WHAT THE TASK REQUIRES – Without the pictures, give the listing below again exactly.

DATA PROVIDED –

○ ○ ○

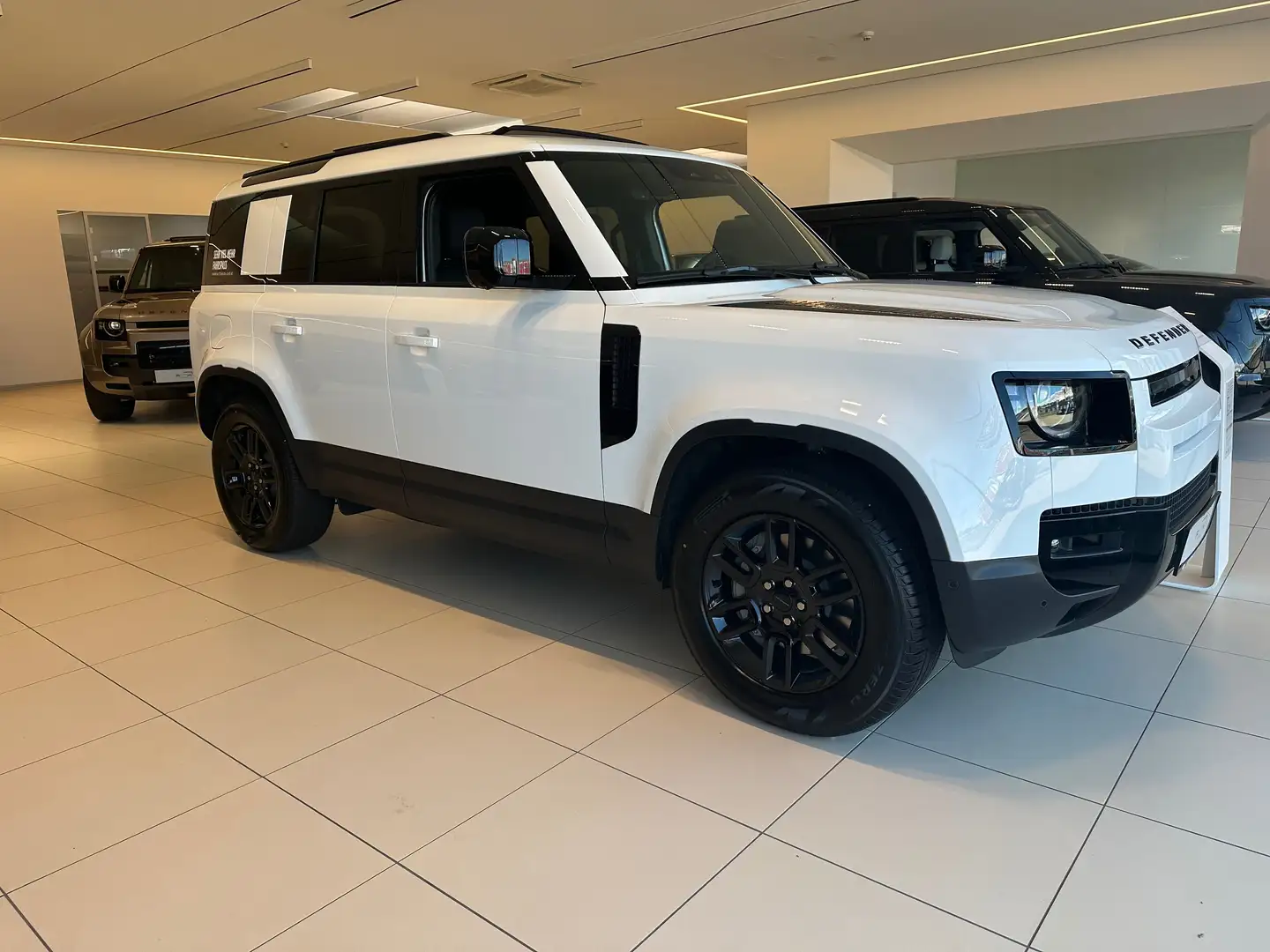 Land Rover Defender Defender 110 P300e PHEV AWD S Aut. S Weiß - 1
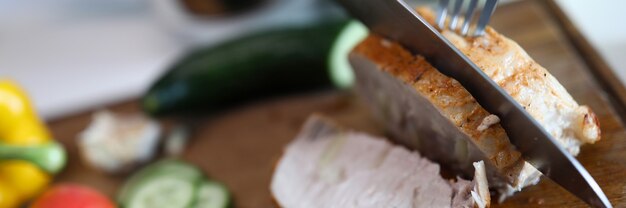 Mujer preparar la cena para la familia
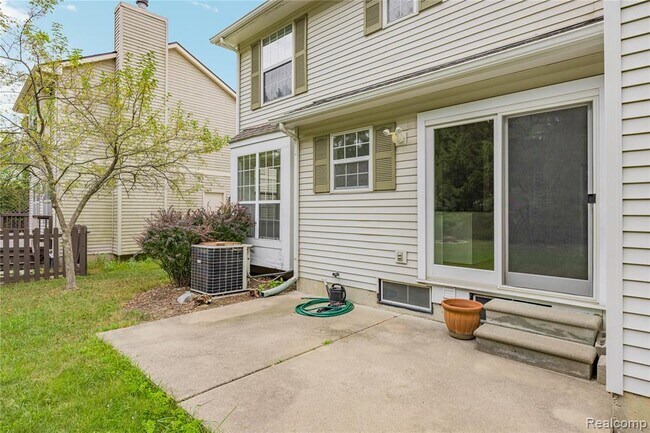 Building Photo - 47258 Scarlet Dr N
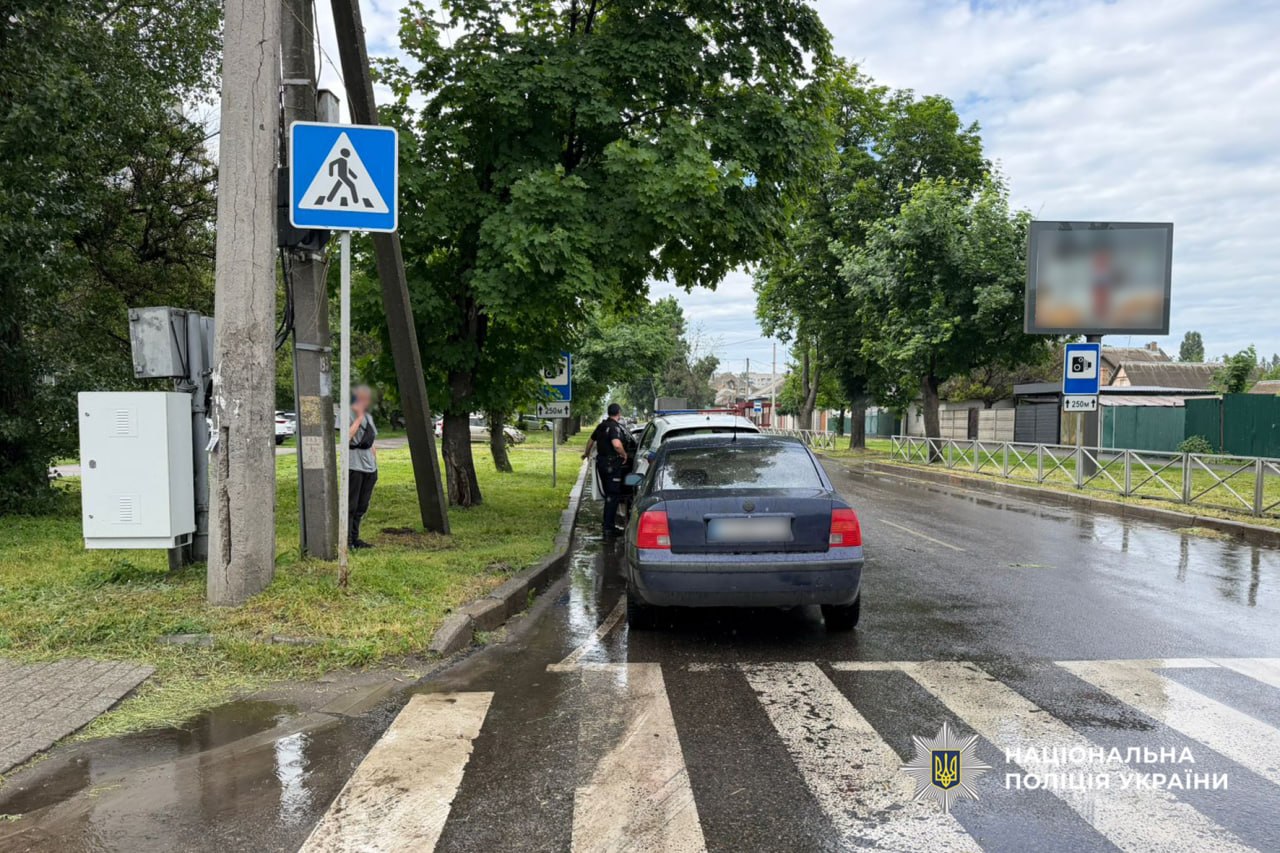 На перехресті у Черкасах Volkswagen збив жінку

○ ○ ○

OUTPUT OF THE EXERCISE –
 Land Rover Defender Defender 110 P300e PHEV AWD S Aut. S Weiß - 1
 Mujer preparar la cena para la familia
 Building Photo - 47258 Scarlet Dr N
 На перехресті у Черкасах Volkswagen збив жінку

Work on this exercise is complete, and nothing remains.